Ce tome est le troisième d'une série en cours de parution ; il fait suite à Femmes fatales. Il est initialement paru en 2007, publié par les éditions Nickel. Il a bénéficié d'une réédition en 2017 par les éditions Glénat. L'histoire a été écrite par Pat Mills, dessinée, encrée et mise en couleurs par Franck Tacito. Cette série est dérivée de la série Requiem d'Olivier Ledroit & Pat Mills. Ce tome peut se lire sans avoir lu la série Requiem.
À Gippeswick, en Angleterre, en 2002, Carly Blackwell se rend dans la maison de sa mère, accompagnée de Jim son fiancé. Elle se gare à l'extérieur de l'enceinte, sans se rendre compte qu'une autre voiture se gare à quelques dizaines derrière, avec à son bord le colonel et Pamela. Elle et Jim parcourent les pièces et commencent à trier les affaires personnelles de Claudia Blackwell. Jim découvre des sous-vêtements comme un corset de soie rouge, avec une ceinture ornée d'une tête de mort, que Carly trouve du plus mauvais goût. Il découvre également une mallette fermée par un code. Sa tentative pour l'ouvrir se solde par le déclenchement du système de protection qui libère un vol d'insectes agressifs.
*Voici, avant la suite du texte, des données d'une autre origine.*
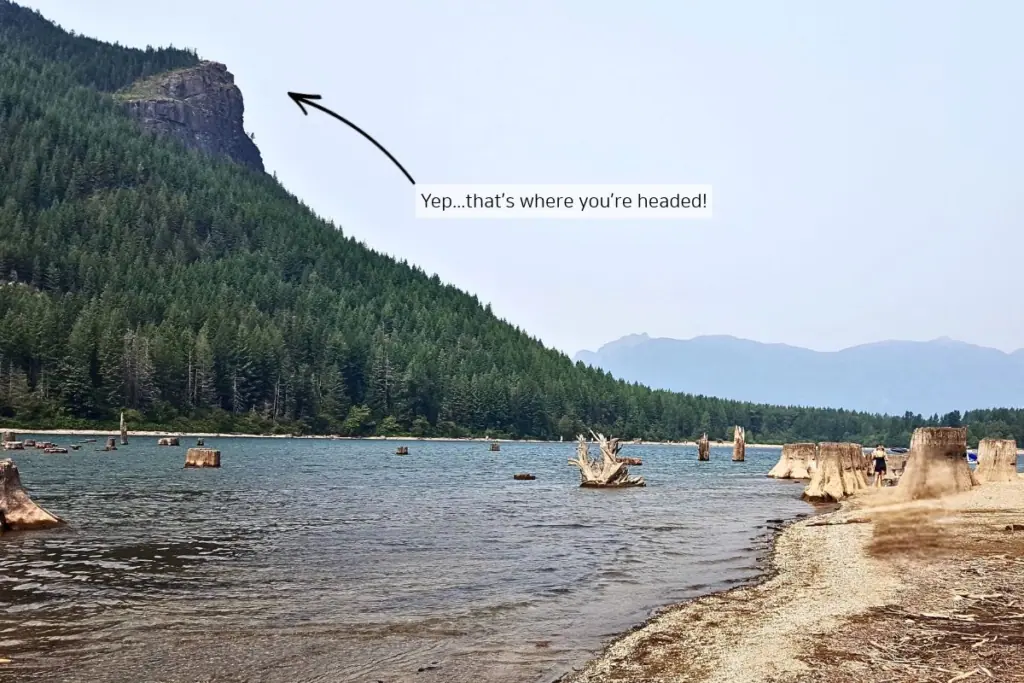 View of Rattlesnake Ledge rising above Rattlesnake Lake near North Bend, Washington, with an arrow pointing to the rocky hiking destination.
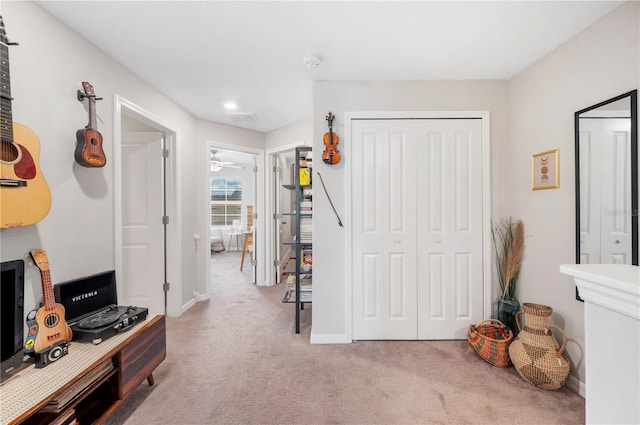 interior space featuring light colored carpet and ceiling fan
Sur Résurrection, Claudia Demona se jette dans la bataille à laquelle se livrent les défunts politiciens, épée dans une main, pistolet dans l'autre. Elle est à la recherche du Pèlerin, un vivant parmi les morts, mais son odeur de vivant est masquée par des déodorants qu'il s'est injecté dans les glandes. Alors qu'elle se fraye un chemin en descendant sur une pente, elle aperçoit Elizabeth Bathory en contrebas, conduisant sa voiture. Elle se précipite pour se placer en avant de son chemin et grimper dans le véhicule, mais Bathory essaye de l'écraser. Claudia récupère une moto sur le champ de bataille et s'élance à sa suite, essayant d'écraser l'inspecteur Gol Gotha. Ce dernier la stoppe net dans sa course, la faisant violemment choir de sa moto. Claudia termine au poste, au quartier général de la police à Nécropolis. Gol Gotha l'interroge, et elle essaye de lui faire coup de la demoiselle en détresse, avec une bonne spontanéité dans les sanglots.
Le lecteur est complètement déstabilisé par le début de ce troisième tome car Pat Mills prend soin d'effectuer un rappel des principaux événements précédents, ainsi que des enjeux pour les personnages. Voilà qui ne lui ressemble pas du tout, que lui arrive-t-il ? Au-delà de la taquinerie pour ses tics d'écriture assez idiosyncrasiques, le lecteur retrouve la structure habituelle du récit, en particulier la séquence d'ouverture sur Terre à Gippeswick en Angleterre, aux côtés de Carly Backwell qui doit commencer à trier les affaires de sa défunte mère. Elle continue d'être observée à son insu, par les membres de la congrégation satanique, et elle commence à se retrouver face à des indices de la double vie de sa mère. Le langage corporel de son fiancé montre qu'il comprend très bien la nature de ce qu'il trouve, Franck Tacito s'amusant à faire apparaître le décalage entre sa compréhension et le comportement d'oie blanche de Carly. Dans cette séquence, il réalise également 2 dessins occupant 2 tiers de la page, absolument dantesques, que ce soit la nuée d'insectes infernaux, ou la vision de la porte de l'au-delà.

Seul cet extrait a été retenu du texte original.